Morel clapped his hands twice and started forward. He sang,
Jamais je ne m’en irai de chez nous, j’ai trop grand peur des loups….

A song about wolves, the minister thought, for me. He believes I am frightened, the poor fellow. Or he wishes to frighten me.

He followed the voyageur into the forest.

         

They moved slowly through the dim, lofty woods, hiking for twenty minutes then resting for ten, Reverend Stone sliding into a ragged sleep at each pause. His dreams were skewed childhood visions, which when he woke melted into memories: a gangly, sunburned boy tramping through a maze of hickories. Smell of deadwood and sweet fern, choking August heat. A warbler’s call like a child’s restless chatter. He was ten, eleven, twelve years old. He would hike all morning, past the last familiar brook or outcrop, until he felt a tingle of panic at having gone too far. He was enthralled by the forest’s beautiful menace: its saplings and dried bones, its whiffs of earth and death. He would lean against a hickory and unbutton his trousers, tunnel within himself until the world vanished into hot, white light. When it was finished he’d run homeward, aloft on currents of pleasure and guilt. And then a distant voice,
Will-iam,
two long, sloping syllables. His mother calling him in for the evening: even now Reverend Stone heard her voice with aching clarity. He supposed it was a sound no man ever forgot.

He staggered through the afternoon, befogged by memories. A girl stepped from the shadows: thick, freckled arms, feral eyes, white-blonde hair yanked back in a braid. Was she real or had he imagined her? She crouched behind a hickory, watching the boy through a V in the branches. And then a second memory, of the girl in a blue linen dress, hair loose and speckled with burrs, standing a dozen paces before him. Her name was Elizabeth Grady. She was a hired girl at Carroll’s. Her Saturday frolic, alone in the forest. They said nothing, their hands working, their eyes half-shut. Then the searing light, the choked cry, the gasp—and he opened his eyes to find her vanished. Surely he had imagined her.

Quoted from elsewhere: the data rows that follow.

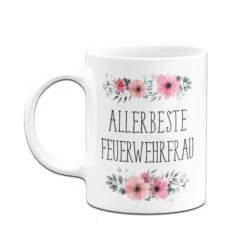 Tasse - Allerbeste Feuerwehrfrau - Blumig 8 Tasse - Allerbeste Feuerwehrfrau - Blumig -Becher Geschäft Tasse699 Mockup ruck weiss 911559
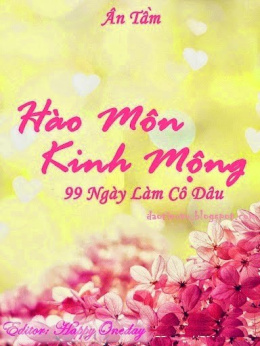 Hào Môn Kinh Mộng 1 – 99 Ngày làm Cô Dâu – Đọc sách online ebook pdf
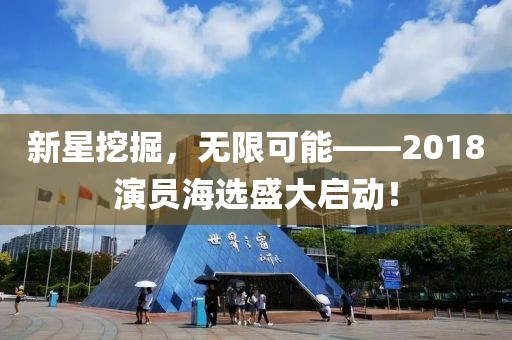 新星挖掘，无限可能——2018演员海选盛大启动！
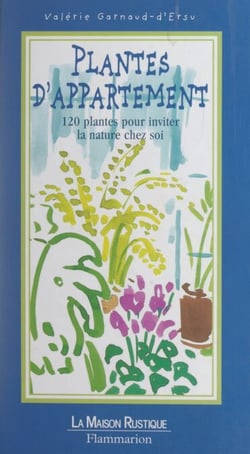 Plantes d'appartement - Plus de 120 plantes à choisir, entretenir, multiplier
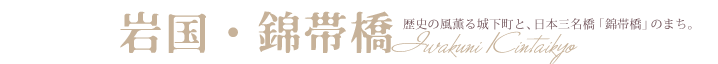 岩国・錦帯橋　歴史の風薫る城下町と、日本三名橋「錦帯橋」のまち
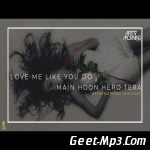 Love Me Like You Do x Main Hoon Hero Tera   Aftermorning Chillout Mashup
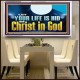 LET YOUR LIFE IS HID WITH CHRIST IN GOD  Church Office Acrylic Frame  GWAMBASSADOR13072  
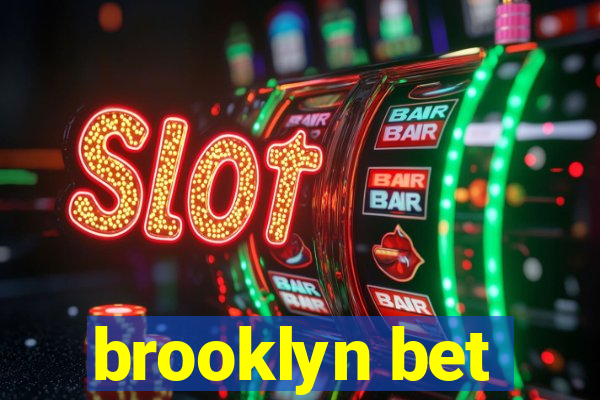 brooklyn bet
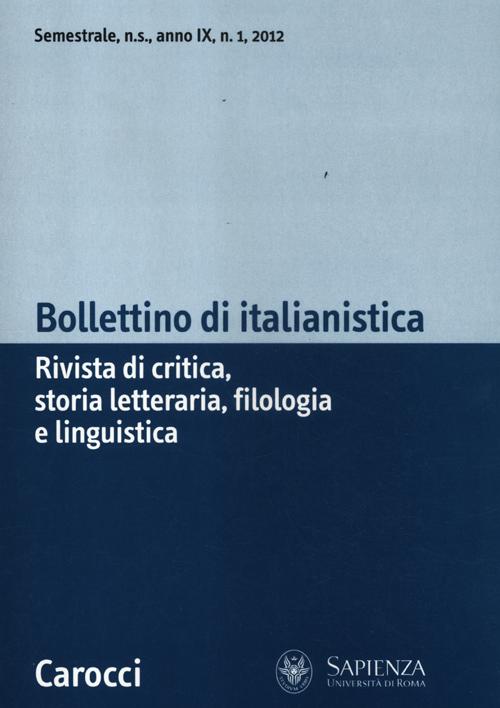 Bollettino di italianistica. Rivista di critica, storia letteraria, filologia e linguistica (2012). Vol. 1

They made camp that evening in a stand of white pine, Morel setting on the skillet while Reverend Stone reclined gingerly on his bedroll. Immediately he was asleep. He woke in a velvet dark, numbed by chills, his clothes damp with perspiration. Hunger gripped him; he uncovered the skillet to find corn mush jellied in grease. The minister raked up a handful and ate greedily. The food tasted thickly of blood. He could not be sure if the sensation was real or imagined. Reverend Stone wiped his hand on the grass and fell back on the bedroll.

And then he was blinking toward wakefulness. It was morning; sunlight was needling through the canopy. He was afraid to move, lest he upset the delicate balance that existed inside him. Finally he shifted, and bile surged to his throat. Reverend Stone lay very still. It occurred to him that he might yet be asleep, moving through a vivid dream; then the thought faded sickeningly.

“Drink this.”

Ignace Morel stood over him, offering a steaming mug of tea. The man had kindled the cookfire and pitched a pair of tents; his rifle lay on an oilcloth for cleaning. Birdsong cascaded from the surrounding pines. The voyageur said, “Today we stay here.”

“Why ever would we do that?”

“You are too weak. You cannot continue.” Morel thrust the mug at him. “Drink this.”

Reverend Stone took the mug and set it on the ground. He struggled to his feet. “We must go on. I insist.”

“Sit,” Morel said angrily. “You cannot continue. You must rest.”

“I have rested all night and much of the morning. Let us begin.”

The voyageur spat in the dirt. “You are a stupid old fool.”

“I insist we continue! Now, I am paying you to escort me, so you must escort me!”

Morel took up the mug and flung the tea into the cookfire. The embers sizzled. He unbound the minister’s pack and yanked out a cookpot and sack of beans, shoved them into his own pack. He tossed the lightened pack at Reverend Stone’s feet. Then the voyageur pulled up the tent pegs and folded the oilcloths into a parcel, grabbed the rifle and hoisted his own pack. Without a word the man started into the forest.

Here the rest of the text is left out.